··· Information provided

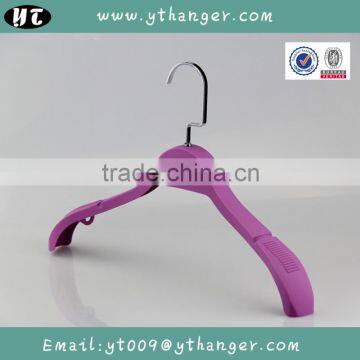 HA6970 Fashionable Purple Rubber Coating Custom Branded Coat Hanger Supplier's Choice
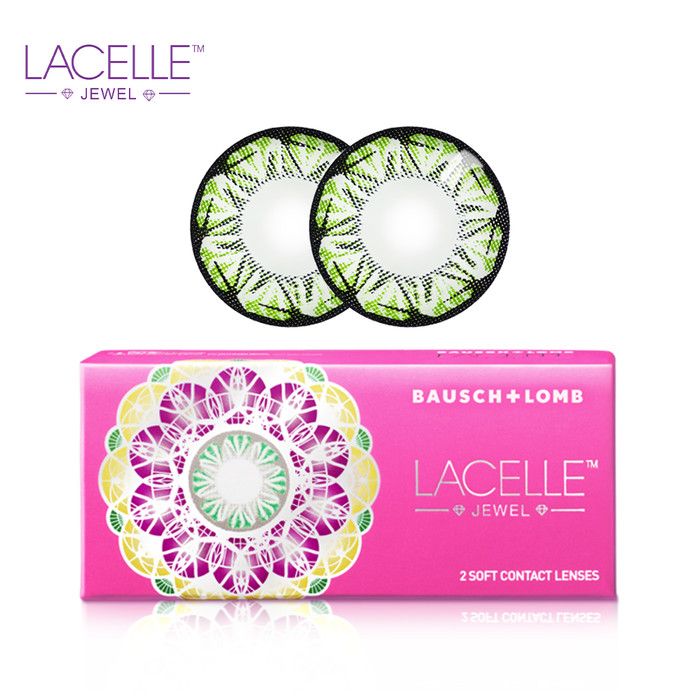 Lacelle Jewel Softlense Warna - Peridot Green -8.50 - 2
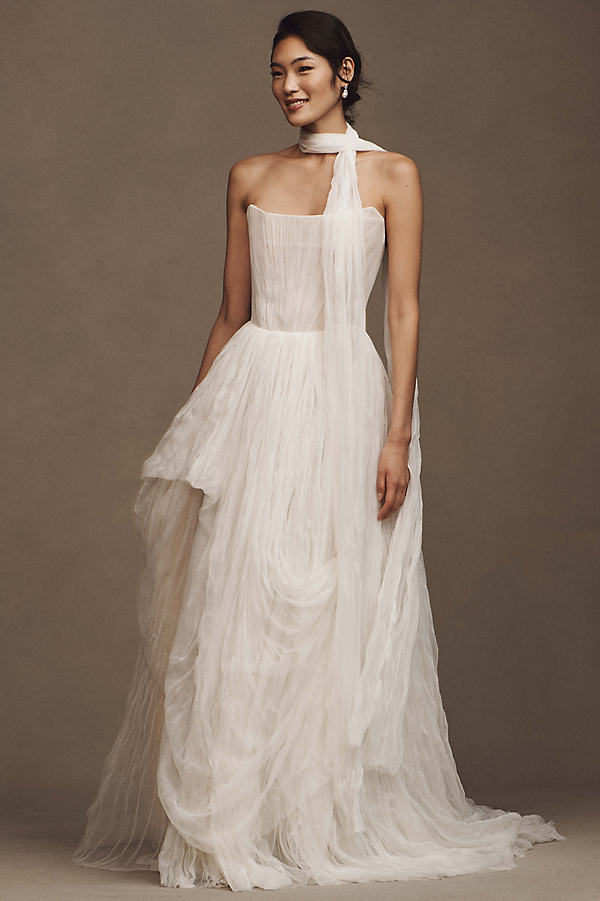 Reko Strapless Corset Wedding Gown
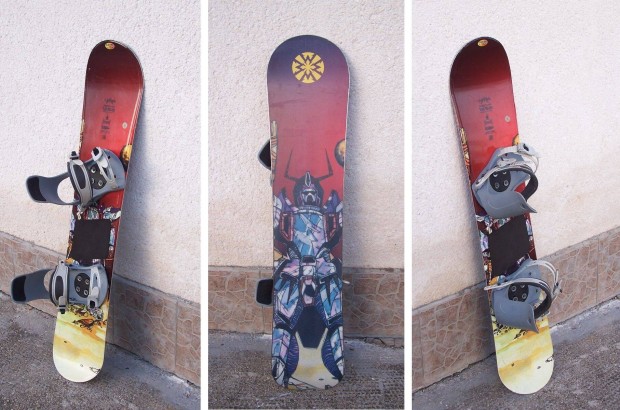 Mint az j! Harmadron! Lamar Mecha 125 cm-es gyerek snowboard deszka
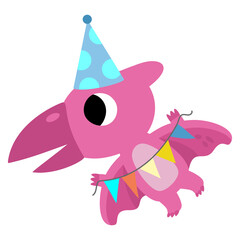 Dinosaur party Clipart. happy dino
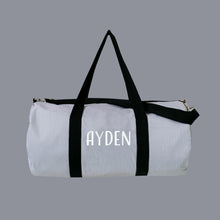 Load image into Gallery viewer, Personalised Tot Duffel in Black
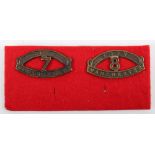 WW1 7th & 8th City (Pals) Battalions Manchester Regiment Shoulder Titles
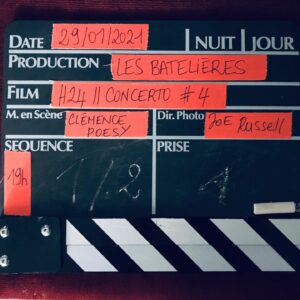 Clémence Poésy Instagram - 🎬 🎶💙 @celestebrunnquell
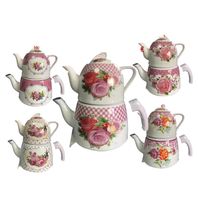 Teekanne mit Rosenmuster Keramik Teekanne Teekannen Set Berlin - Charlottenburg Vorschau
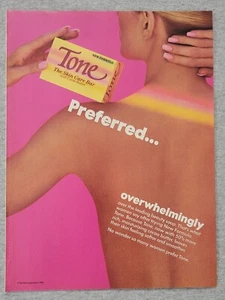 1986 Magazine Advertisement Page Tone The Skin Care Bar Soap Vintage Print Ad - Picture 1 of 1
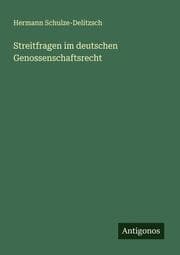 Cover von Streitfragen im deutschen Genossenschaftsrecht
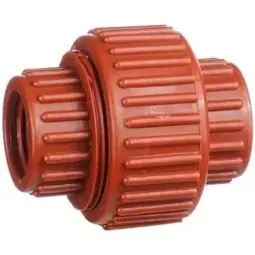 Union Doble Conica de 1/2 Polipropileno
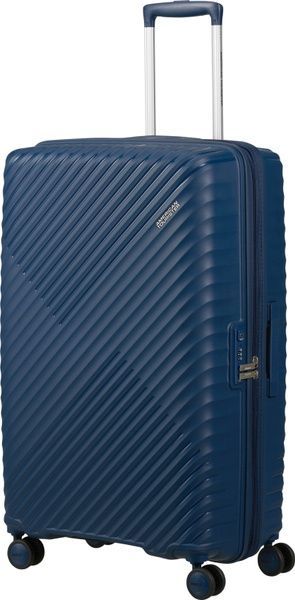 Suitcase American Tourister Diablast on 4 wheels made of polypropylene MK2*003;01 Darkwave Blue (large)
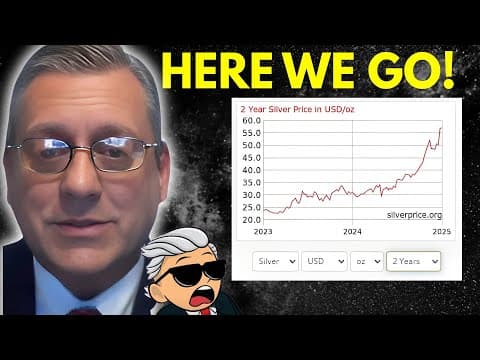 🚨BREAKING: Silver Price EXPLODES 🔥 COMEX on HIGH ALERT! Is a Market CRASH Coming?! 💰📈 thumbnail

······

Task directions:
Before you return the listing, strip out its pictures; all else must match exactly.

Reply:
 HA6970 Fashionable Purple Rubber Coating Custom Branded Coat Hanger Supplier's Choice
 Lacelle Jewel Softlense Warna - Peridot Green -8.50 - 2
 Reko Strapless Corset Wedding Gown
 Mint az j! Harmadron! Lamar Mecha 125 cm-es gyerek snowboard deszka
 Dinosaur party Clipart. happy dino
 Load image into Gallery viewer, Personalised Tot Duffel in Black
 WW1 7th & 8th City (Pals) Battalions Manchester Regiment Shoulder Titles
 Clémence Poésy Instagram - 🎬 🎶💙 @celestebrunnquell
 Teekanne mit Rosenmuster Keramik Teekanne Teekannen Set Berlin - Charlottenburg Vorschau
 1986 Magazine Advertisement Page Tone The Skin Care Bar Soap Vintage Print Ad - Picture 1 of 1
 Cover von Streitfragen im deutschen Genossenschaftsrecht
 Union Doble Conica de 1/2 Polipropileno
 Suitcase American Tourister Diablast on 4 wheels made of polypropylene MK2*003;01 Darkwave Blue (large)
 🚨BREAKING: Silver Price EXPLODES 🔥 COMEX on HIGH ALERT! Is a Market CRASH Coming?! 💰📈 thumbnail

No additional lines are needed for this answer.